FFR: Supporting Local Freelancers – FREE EVENT

Talk Tuesday April 9th 2019, 7:00 PM

The Frontline Freelance Register invites you to the Club for a discussion on the challenges of working as a local freelance journalist with their Mexico chapter coordinators, Andalusia Knoll and Rodrigo Cruz. We will also be joined by Katya Malofeyeva, who is overseeing the launch of the next country chapter in Ukraine. The panel will be moderated by founder member, journalist Ed Vulliamy.

Local journalists do the same work as their international colleagues – but often in more lonely and difficult circumstances. They cannot always just pack their bags once they have completed an assignment, or if they feel physically insecure. While standards and principles have been set that are the norm for international freelancers, their local counterparts are being left out of the conversation and behind in the established standards.

In 2013 the Frontline Club Charitable Trust, in collaboration with a group of international freelance journalists, established the Frontline Freelance Register to be a representative body advocating for their safety and better welfare. Now, FCCT is launching individual country chapters to connect local freelancers to its network and to advocate by their side. FFR and the local freelance chapters will represent two groups from whom most of the worlds verified news about conflict originates. The country chapters will give local freelancers their own voice and allow them to operate and identify themselves as bona fide journalists.

The first country chapter that has been established is in Mexico, which officially launched last week in Mexico City. Frontline Freelance Mexico is a sister organisation to FFR, which was created after the assassinations and kidnappings of freelance journalists in war zones like Syria, Libya and Iraq. In Mexico, there is no declared war, but violence is on a comparable scale, making it one of the most deadly countries for press worldwide. In the last 19 years, at least 124 journalists have been murdered, including four since the new federal administration took office in December, according to the press freedom organization Article 19.

Frontline Freelance Mexico already has over 60 members signed up who based across 16 states, including Veracruz, Guerrero, Sinaloa, Chihuahua, Michoacán, Guanajuato and other areas where journalists face significant dangers.

Chair

Ed Vulliamy is a journalist and author who has worked more than 30 years as a staff international reporter with the Guardian and Observer newspapers of London. He won all major awards in British journalism for his coverage of the Balkan wars between 1991-5, and discovered the gulag of concentration camps operated by the Bosnian Serbs in the Northwest Krajina region of Bosnia.

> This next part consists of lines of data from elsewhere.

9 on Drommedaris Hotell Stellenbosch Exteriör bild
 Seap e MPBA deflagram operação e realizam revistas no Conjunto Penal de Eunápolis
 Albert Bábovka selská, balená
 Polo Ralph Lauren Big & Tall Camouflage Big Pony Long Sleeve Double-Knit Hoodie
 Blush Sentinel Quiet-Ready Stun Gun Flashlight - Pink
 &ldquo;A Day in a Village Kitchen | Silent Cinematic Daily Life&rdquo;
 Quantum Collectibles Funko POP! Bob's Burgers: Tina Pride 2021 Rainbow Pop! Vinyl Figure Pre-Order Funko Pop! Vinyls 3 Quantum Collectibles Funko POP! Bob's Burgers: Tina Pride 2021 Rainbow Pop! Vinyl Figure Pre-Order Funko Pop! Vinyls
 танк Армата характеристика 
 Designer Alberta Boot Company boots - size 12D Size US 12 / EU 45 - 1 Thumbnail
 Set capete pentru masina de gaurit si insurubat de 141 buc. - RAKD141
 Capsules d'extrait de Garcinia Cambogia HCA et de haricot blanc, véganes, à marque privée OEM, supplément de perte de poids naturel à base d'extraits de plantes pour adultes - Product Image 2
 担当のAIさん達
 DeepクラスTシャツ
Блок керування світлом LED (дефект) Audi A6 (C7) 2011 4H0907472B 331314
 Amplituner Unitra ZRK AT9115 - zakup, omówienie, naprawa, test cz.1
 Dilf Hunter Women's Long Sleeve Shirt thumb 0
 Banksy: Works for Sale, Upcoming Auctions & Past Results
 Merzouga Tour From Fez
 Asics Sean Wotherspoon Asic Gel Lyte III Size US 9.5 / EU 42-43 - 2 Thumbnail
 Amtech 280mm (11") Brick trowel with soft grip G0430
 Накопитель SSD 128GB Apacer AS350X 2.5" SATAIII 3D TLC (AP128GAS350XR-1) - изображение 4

As a result, he became the first reporter to testify at a war crimes tribunal since those at Nuremberg, giving evidence in nine trials at the ICTY in The Hague. He currently specialises in narco-traffic, winning the 2013 Ryszard Kapuski Prize for Literary Reportage for his “Amexica: War Along The Borderline” and was shortlisted for the same prize in 2016 for “The War Is Dead Long Live the War, Bosnia: The Reckoning”. Vulliamy is currently producing a film on the Colombian peace process and writing a book on banks that launder the profits of drug trafficking. His most recent publication is a memoir through music, “When Words Fail: A Life With Music, War and Peace”.